Mafia Tambang Bengkulu Terbongkar, Kejati Tambah Tersangka ke-13

Kejati Bengkulu kembali menambah daftar tersangka dalam kasus tambang batu bara. Penahanan eks Dirut PT RSM menandai babak baru pembongkaran praktik korupsi yang merugikan keuangan negara dan lingkungan.

Penyidik Kejati Bengkulu saat mengawal tersangka kasus korupsi tambang batu bara. Eks Dirut PT Ratu Samban Mining, Drs. H. Sonny Adnan, resmi ditahan dan menjadi tersangka ke-13 dalam skandal tambang Bengkulu bernilai ratusan miliar rupiah. Foto/Dok: Ist

NEINEWS, Bengkulu — Kasus dugaan korupsi pertambangan batu bara di Bengkulu kian membuka tabir. Setelah serangkaian pemeriksaan panjang, Kejaksaan Tinggi (Kejati) Bengkulu kembali menahan satu tokoh penting dalam pusaran bisnis tambang ilegal, yakni mantan Direktur Utama PT Ratu Samban Mining (RSM), Drs. H. Sonny Adnan.

Penahanan Sonny menambah jumlah tersangka menjadi 13 orang, memperkuat dugaan bahwa praktik penyalahgunaan kewenangan di sektor tambang ini melibatkan jaringan lintas korporasi dan pejabat negara.

“Peran tersangka berkaitan dengan penyalahgunaan wewenang dalam kegiatan tambang yang dilakukan PT Ratu Samban Mining,” ujar Kasi Penyidikan Kejati Bengkulu, Danang Prasetyo, Rabu (29/10/2025).

Sonny ditahan berdasarkan Surat Perintah Penahanan Nomor: PRINT-1724/L.7/Fd.2/10/2025, dan akan menjalani masa penahanan awal selama 20 hari di Rutan Kelas IIB Bengkulu.

Tambang yang Merugikan Negara dan Lingkungan

Kasus ini menjadi salah satu skandal pertambangan terbesar di Bengkulu dalam satu dekade terakhir. Penyidik mendeteksi adanya penyalahgunaan izin, manipulasi laporan hasil produksi, serta aliran dana ilegal dari hasil eksploitasi batu bara.

Dari hasil pengembangan, aset senilai Rp500 miliar telah disita, termasuk rekening perusahaan, kendaraan operasional, dan lahan tambang yang menjadi bagian dari tindak pidana.

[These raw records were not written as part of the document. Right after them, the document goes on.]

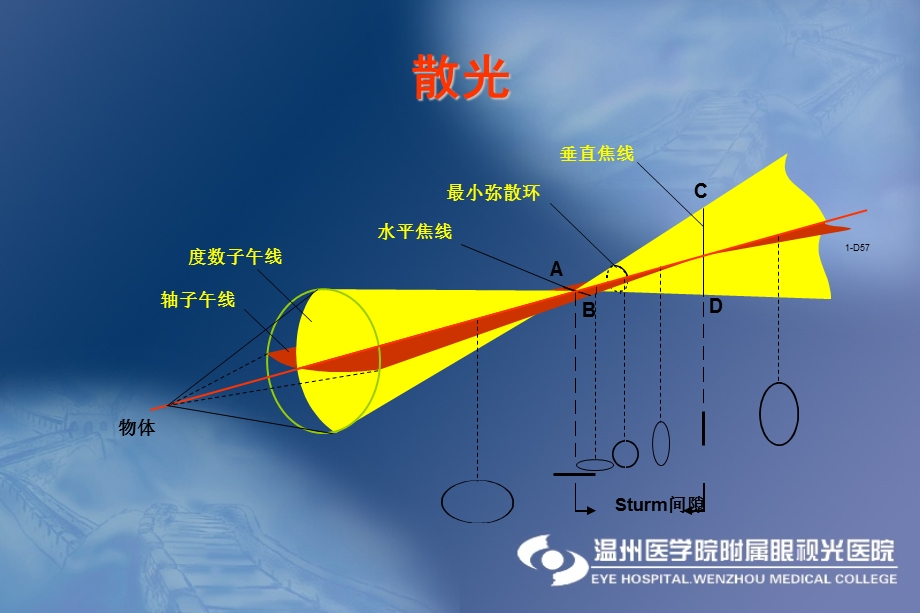 医学教学ppt课件：散光硬性角膜接触镜.ppt_第3页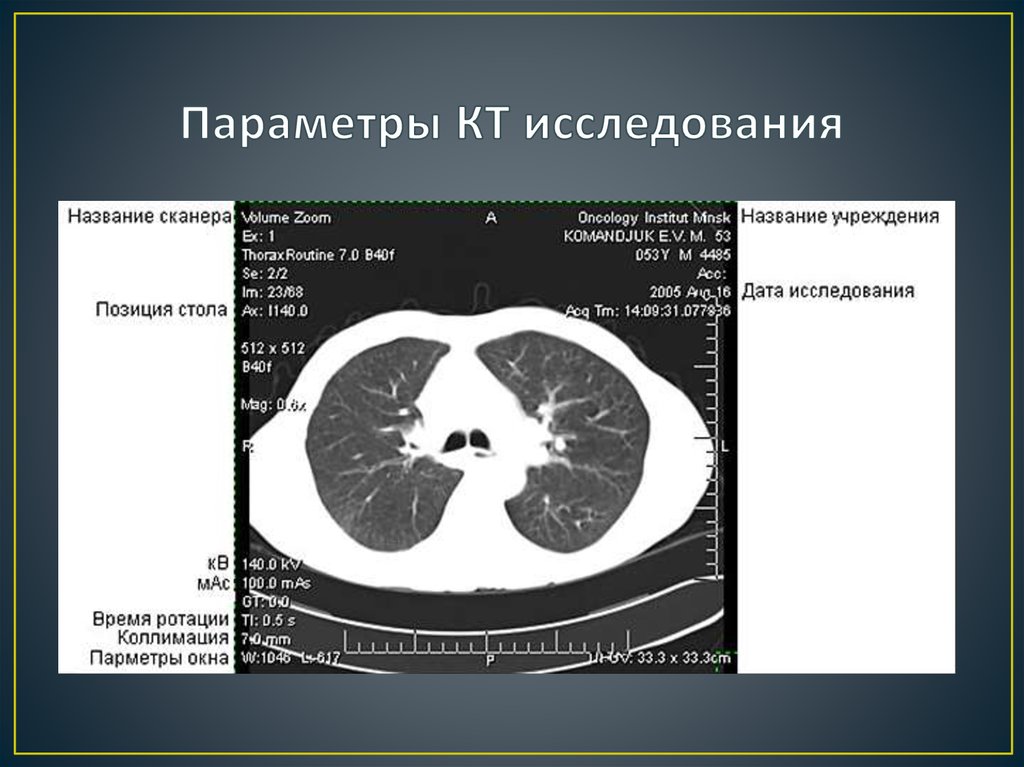 Зона исследования. Протоколы сканирования кт. Параметры кт сканеров. Параметры сканирования компьютерная томография. Режимы сканирования компьютерной томографии.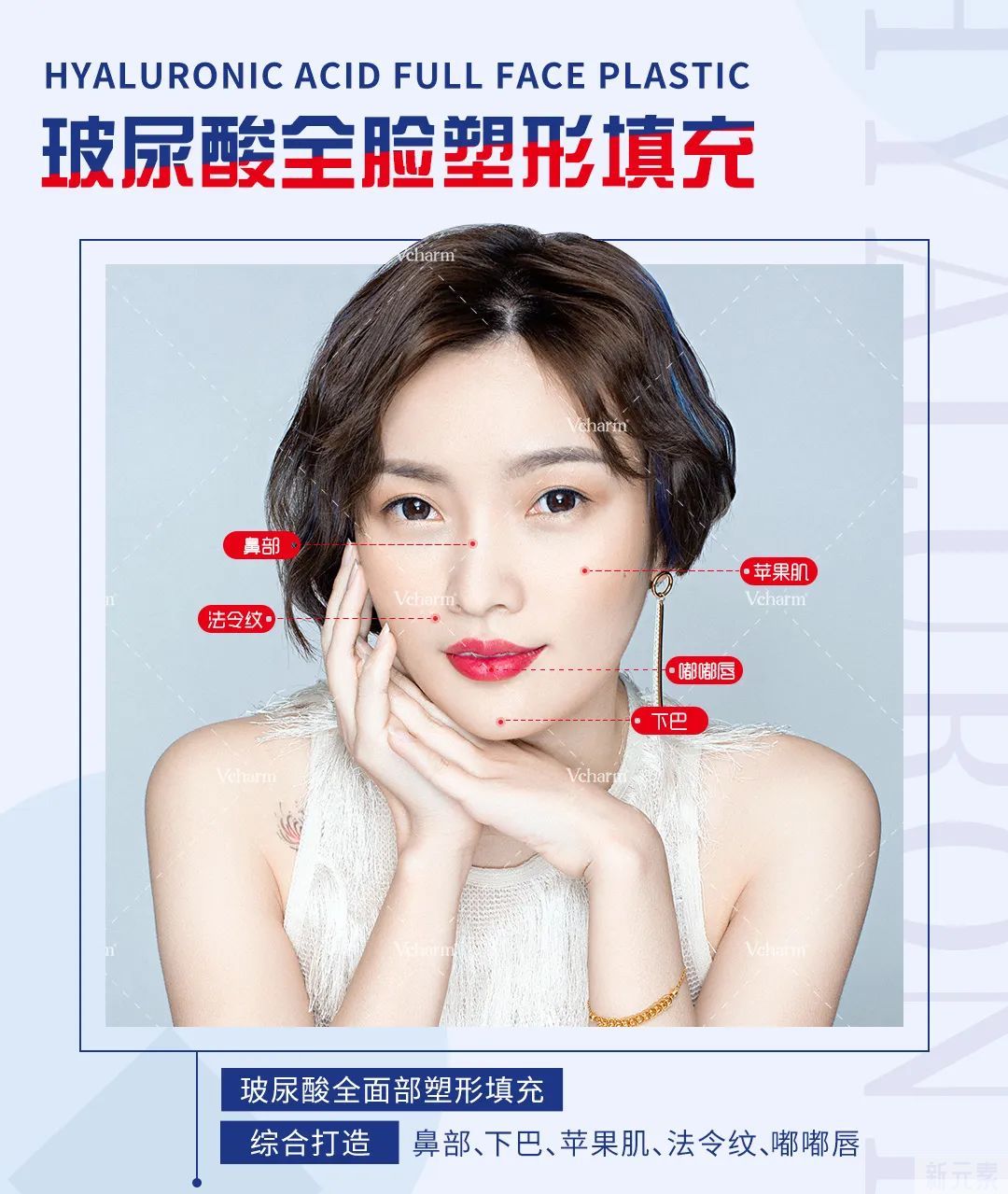 玻尿酸≠假面感，填充后更具高级感?! 图片-4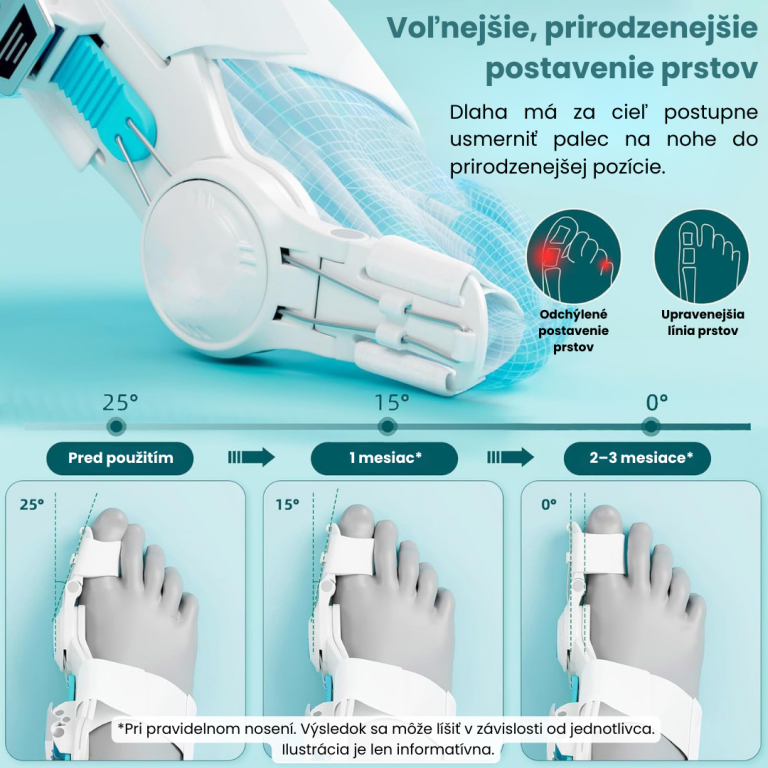 Orto Correct Korekčná dlaha na hallux a prsty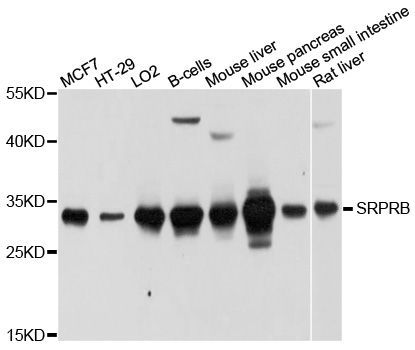Western blot - SRPRB Polyclonal Antibody (144-010591)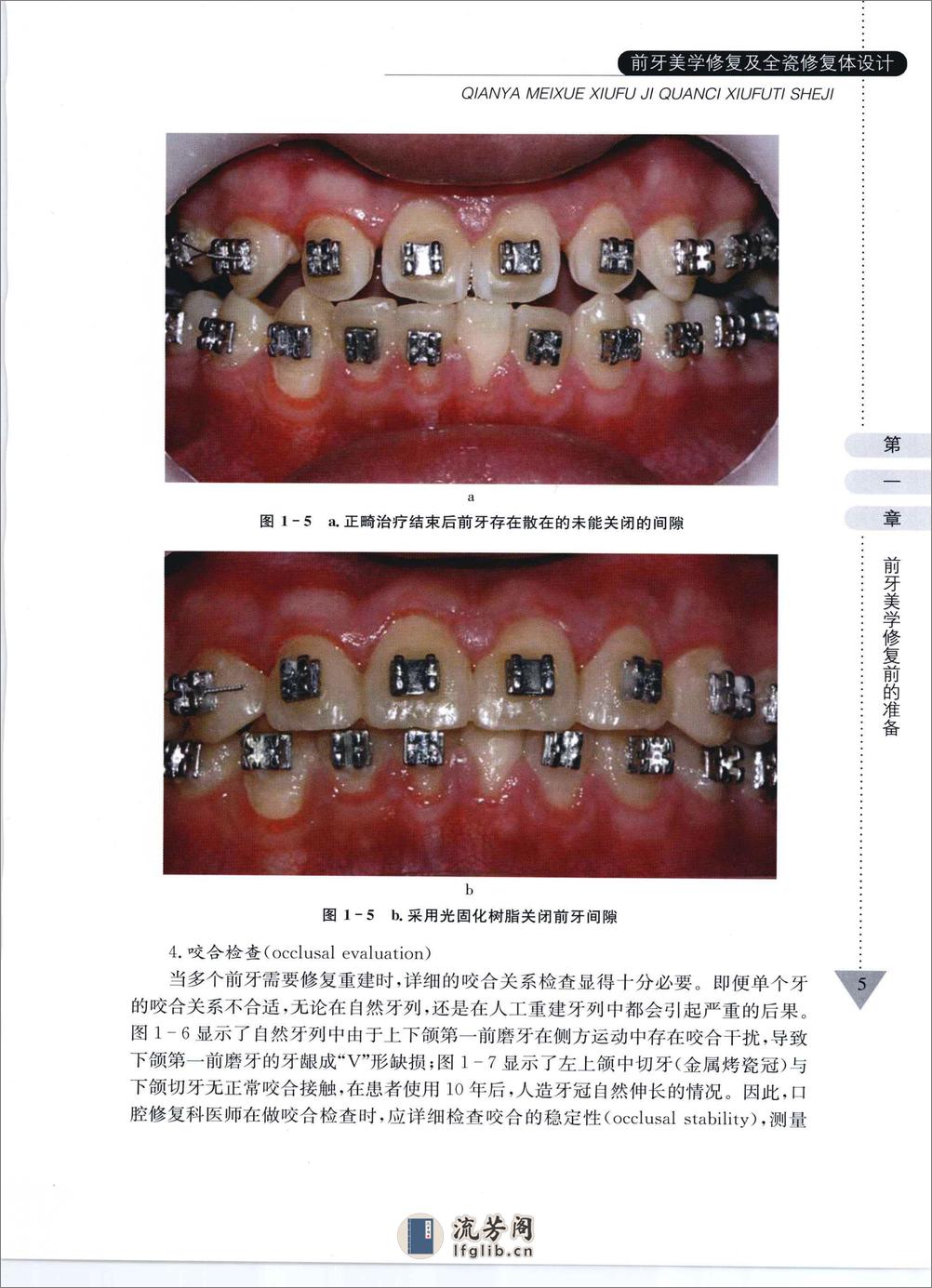 前牙美学修复及全瓷修复体设计 - 第13页预览图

“Kita tidak hanya fokus pada pelaku lapangan. Penegakan hukum ini menyentuh seluruh pihak yang terlibat, termasuk pengambil keputusan di level pusat,” tegas Danang.

Empat Klaster Pelanggaran

Penyidikan kasus ini dibagi dalam empat klaster besar:

Tindak Pidana Korupsi (Tipikor) – penyalahgunaan izin dan penggelapan hasil tambang.

Tindak Pidana Pencucian Uang (TPPU) – pengalihan hasil tambang ke aset pribadi.

Perintangan Penyidikan – upaya menghambat proses hukum.

Penyuapan – dugaan pemberian imbalan kepada pejabat untuk meloloskan izin dan laporan.

Daftar Lengkap 13 Tersangka

Imam Sumantri — Kepala Cabang PT Sucofindo Bengkulu

Edhie Santosa — Direktur PT Ratu Samban Mining

Bebby Hussy — Komisaris PT Tunas Bara Jaya

Saskya Hussy — General Manager PT Inti Bara Perdana

Julius Soh — Direktur Utama PT Tunas Bara Jaya

Agusman — Marketing PT Inti Bara Perdana

Sutarman — Direktur PT Tunas Bara Jaya

David Alexander — Komisaris PT Ratu Samban Mining

Sunindyo Suryo Herdadi — Eks Direktur Teknik & Lingkungan Ditjen Minerba Kementerian ESDM

Awang — Adik kandung Bebby Hussy

Andy Putra — Adik menantu Bebby Hussy

  1. Nadzirin — Personalia Inspektur Tambang Bengkulu 2024–2025

Drs. H. Sonny Adnan — Mantan Direktur Utama PT Ratu Samban Mining

Sinyal Babak Baru Penegakan Hukum

Kejati Bengkulu memastikan penyidikan belum berakhir. Sumber internal menyebut, masih ada nama-nama dari kalangan politisi dan pejabat daerah yang tengah dikaji perannya.

Kasus tambang ini disebut-sebut menjadi “pintu masuk” bagi penegakan hukum lebih luas atas praktik rente tambang di Sumatera bagian selatan.

Dengan masuknya Sonny Adnan ke dalam daftar tersangka, pusaran bisnis batu bara Bengkulu kini benar-benar di bawah sorotan hukum nasional.